Other times, said Bell, he’s able to manipulate the structure of the development to ensure that he can avoid parking minimums. In East New York, he divided one project into four different five to six story buildings. “We just played around with the unit mixes so that we could get each of them under the waiver.” Had he not been trying to avoid the parking regulations, said Bell, “theoretically, we could have built more units.” (In practice, a different set of city regulations would have prevented that at this particular site, even without the parking requirements.)

Sometimes there’s no way to avoid the parking minimums. Another East New York project of Bell’s has 179 units, enough that parking would be required even if the building were subdivided into pieces. To comply with the law, Bell built 62 surface parking spaces. “I have five takers,” he said. The rest sit empty. “Now instead of a big green backyard around the play area, I have this macadam. You just say why?”

The developer at The Crest, on ##http://www.streetsblog.org/2008/02/06/new-york-can-do-better-than-the-new-fourth-avenue/##Brooklyn's Fourth Avenue##, decided it was worth sacrificing ground floor retail to make room for parking.

Bell identified Brooklyn’s Fourth Avenue as another design casualty of parking minimums, pointing to buildings like Boymelgreen Developers’ much-maligned Crest and Novo apartment buildings. The large buildings there were required to include parking, but subway lines under the street made putting it underground cost prohibitive. “[Boymelgreen] made the calculation that he’d rather sacrifice having retail on the ground floor in exchange for not putting the parking below ground, it was so expensive,” said Bell. The result is a series of buildings that are utterly indifferent to pedestrian life, presenting blank walls and parking to the sidewalk.

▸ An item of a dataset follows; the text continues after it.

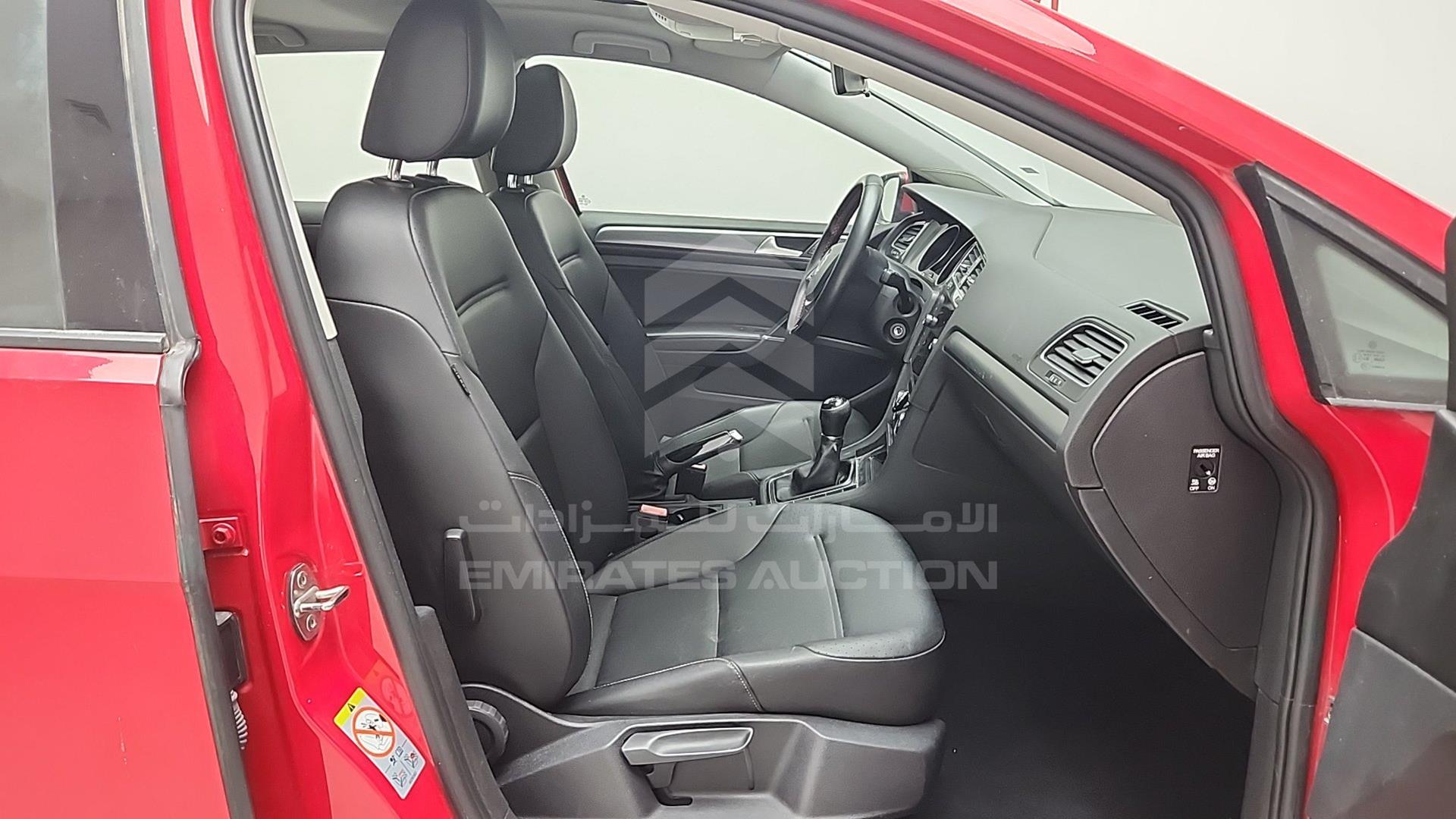 2018 VOLKSWAGEN GOLF VIN: 3VWWB6AUXJM261513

One solution Bell proposed is revising the zoning code so that parking minimums are eliminated in medium- or high-density districts near transit. Said Bell, “Historically, there’s no question, if I’m building near a subway stop, I’m going to attract a lot of people who don’t want a car or need a car. That’s proven in the marketplace.”

Although Hudson is a residential developer, Bell also urged the city to stop forcing so much parking into new retail centers like the East River Plaza, where 1,428 spaces sit empty. “It drives up the costs of the projects,” said Bell. “That comes out somewhere.” He placed the blame for these enormous parking lots directly at the feet of the public sector. “In the early days, it was the retailers asking for it. Now it’s the government.”